[Recorded data]

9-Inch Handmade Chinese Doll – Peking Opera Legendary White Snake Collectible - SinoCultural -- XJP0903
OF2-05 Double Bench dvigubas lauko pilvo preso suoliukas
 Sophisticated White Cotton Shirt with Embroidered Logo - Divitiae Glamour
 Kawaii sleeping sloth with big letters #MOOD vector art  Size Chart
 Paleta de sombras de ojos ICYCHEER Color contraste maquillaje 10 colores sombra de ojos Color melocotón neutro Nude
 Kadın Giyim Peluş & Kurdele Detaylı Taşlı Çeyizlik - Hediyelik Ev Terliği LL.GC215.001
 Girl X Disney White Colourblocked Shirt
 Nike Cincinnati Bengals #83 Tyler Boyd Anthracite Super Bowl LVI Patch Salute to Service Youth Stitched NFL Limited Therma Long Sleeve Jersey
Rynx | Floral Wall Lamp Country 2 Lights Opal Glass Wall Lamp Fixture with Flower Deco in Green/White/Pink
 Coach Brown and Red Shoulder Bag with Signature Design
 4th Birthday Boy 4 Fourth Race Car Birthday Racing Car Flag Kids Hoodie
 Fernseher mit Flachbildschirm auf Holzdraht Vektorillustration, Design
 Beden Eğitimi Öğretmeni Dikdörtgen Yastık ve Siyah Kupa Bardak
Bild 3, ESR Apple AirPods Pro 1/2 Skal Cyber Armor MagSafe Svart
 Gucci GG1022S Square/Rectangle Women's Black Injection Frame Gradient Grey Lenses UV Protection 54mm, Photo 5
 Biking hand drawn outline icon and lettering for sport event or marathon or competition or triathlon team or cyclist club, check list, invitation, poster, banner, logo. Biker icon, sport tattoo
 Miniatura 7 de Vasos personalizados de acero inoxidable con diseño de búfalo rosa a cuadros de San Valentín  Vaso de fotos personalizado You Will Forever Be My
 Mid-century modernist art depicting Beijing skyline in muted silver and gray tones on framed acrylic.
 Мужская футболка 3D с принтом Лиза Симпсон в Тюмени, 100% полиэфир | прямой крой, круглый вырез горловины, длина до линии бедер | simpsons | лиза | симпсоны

> Task statement
Of the lines above, retype only those from the line containing "Girl X Disney White Colourblocked Shirt" through the line containing "Gucci GG1022S Square/Rectangle", including both, exactly.

> Result
 Girl X Disney White Colourblocked Shirt
 Nike Cincinnati Bengals #83 Tyler Boyd Anthracite Super Bowl LVI Patch Salute to Service Youth Stitched NFL Limited Therma Long Sleeve Jersey
Rynx | Floral Wall Lamp Country 2 Lights Opal Glass Wall Lamp Fixture with Flower Deco in Green/White/Pink
 Coach Brown and Red Shoulder Bag with Signature Design
 4th Birthday Boy 4 Fourth Race Car Birthday Racing Car Flag Kids Hoodie
 Fernseher mit Flachbildschirm auf Holzdraht Vektorillustration, Design
 Beden Eğitimi Öğretmeni Dikdörtgen Yastık ve Siyah Kupa Bardak
Bild 3, ESR Apple AirPods Pro 1/2 Skal Cyber Armor MagSafe Svart
 Gucci GG1022S Square/Rectangle Women's Black Injection Frame Gradient Grey Lenses UV Protection 54mm, Photo 5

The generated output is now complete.